The Reckoning

PBS Premiere: July 14, 2009Check the broadcast schedule »

Perspectives on International Justice and Human Rights

Suliman Baldo

Suliman Baldo
Africa Program Director, International Center for Transitional Justice
"Is a Warrant Against Bashir a Warrant Against Africa?"

Suliman Baldo

When the treaty that helped create the International Criminal Court (ICC) was signed 11 years ago, human rights defenders celebrated the signing as a colossal achievement. For the first time, the world would have a permanent, independent criminal court that could bring perpetrators of some of the world's worst crimes to justice.

Today the court faces attacks from all sides. Critics have accused it of being reckless, unaccountable and unfairly focused on prosecuting African leaders. The sharpest controversy surrounds the ICC prosecutor's case against Sudanese President Omar Al-Bashir for alleged crimes against humanity and war crimes in Darfur.

The court has stumbled several times, but much criticism of it is based on misconceptions about the scope of its powers and the origins of the cases it is pursuing -- including its case against the Sudanese president.

Critics note that all of the ICC's active cases involve four African countries: the Central African Republic, the Democratic Republic of Congo, Uganda and Sudan.

With the exception of Sudan, however, all of those countries asked the court to intervene and, in fact, helped create the ICC by signing the 1998 Rome Treaty that led to its founding. The treaty defines the ICC as a court of last resort: It is meant to intervene only in cases when domestic courts cannot deliver justice for massive human rights crimes. The governments of the Central African Republic, the Democratic Republic of Congo and Uganda judged that this was the case in their countries, and they appealed to the ICC for help.

The ICC's investigation of the Sudanese president began not as an arbitrary crusade by the ICC prosecutor, but as a referral from the United Nations Security Council. The council believed that the counterinsurgency campaign in Darfur by Sudanese government forces and allied militias was targeting not only armed insurgents but innocent civilians. The council asked the ICC prosecutor to investigate.

On March 4, 2009, a panel of three ICC judges issued an arrest warrant for Bashir at the prosecutor's request. The judges found that Bashir had "intentionally directed attacks against an important part of the civilian population of Darfur, Sudan, murdering, exterminating, raping, torturing and forcibly transferring large numbers of civilians and pillaging their property."

The warrant in this case was the first the court issued against a serving head of state, and controversy was inevitable. Sudan's government moved quickly to brand the ICC as anti-African and a threat to peace. It rejected the court's jurisdiction and mobilized regional support to portray the warrant as a risk to Sudanese stability and the fragile peace process between Khartoum and the largest rebel group. The ICC prosecutor insisted that his office had the evidence to convict Bashir on the charges.

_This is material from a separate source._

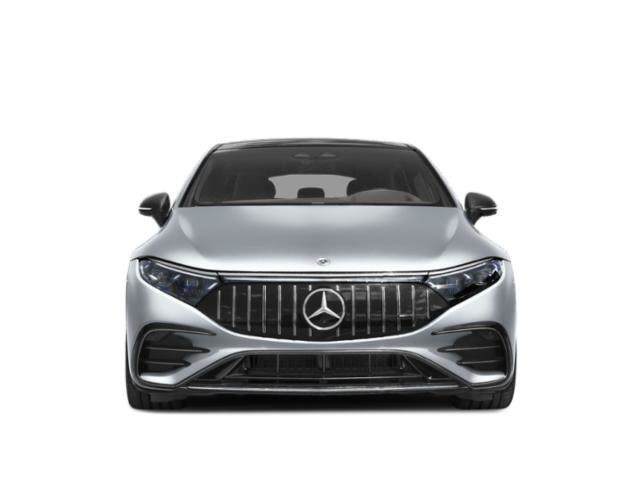 Certified Used 2023 Diamond White M Mercedes-Benz AMG® EQS 4MATIC+ Sedan image 4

Lost amid the controversy is the fact that since the 1990s, Africa has been at the forefront of global efforts to hold to account perpetrators of major human abuses. Africa championed the cause of accountability through the formation in 1994 of the International Criminal Tribunal for Rwanda -- a complement to Rwanda's own domestic prosecutions for perpetrators of genocide -- and African states rallied decisively in the late 1990s to help create the ICC.

It appears that Bashir's efforts to discredit the ICC have failed, at least for now. On June 8 and 9, 2009, representatives of the 30 African nations that are members of the ICC's founding treaty met in Addis Ababa, Ethiopia. Supporters of the ICC worried that the meeting would lead to calls for a mass withdrawal from the court by African countries. Instead, the member-states expressed support for the principles of international justice.

The future of the ICC case against Bashir is hard to predict, especially given that the court has no independent police force to execute arrests and relies instead on the law enforcement bodies of member states. Regardless, the indictment of Bashir sends a powerful signal that the era of impunity for gross human rights violations by heads of state -- in Africa and around the world -- is over.

Suliman Baldo is a widely recognized expert on conflict resolution, emergency relief, development and human rights in Africa and on international advocacy related to these issues. He has worked extensively in the Democratic Republic of Congo, Ethiopia, Eritrea and Sudan and traveled widely throughout the rest of the African continent. In the 1980s and early 1990s, he worked as a lecturer at the University of Khartoum and as a field director for Oxfam America, covering Sudan and the Horn of Africa. Later, he was the founder and director of Al-Fanar Center for Development Services in Khartoum, Sudan. He also spent seven years at Human Rights Watch as a senior researcher in the organization's Africa division. Most recently, he worked as a senior analyst before becoming the director of the Africa program at the International Crisis Group. Baldo holds a Ph.D. in comparative literature (1982) and a master's degree in modern literature (1976), both from the University of Dijon in France. He also holds a bachelor's degree from the University of Khartoum in Sudan.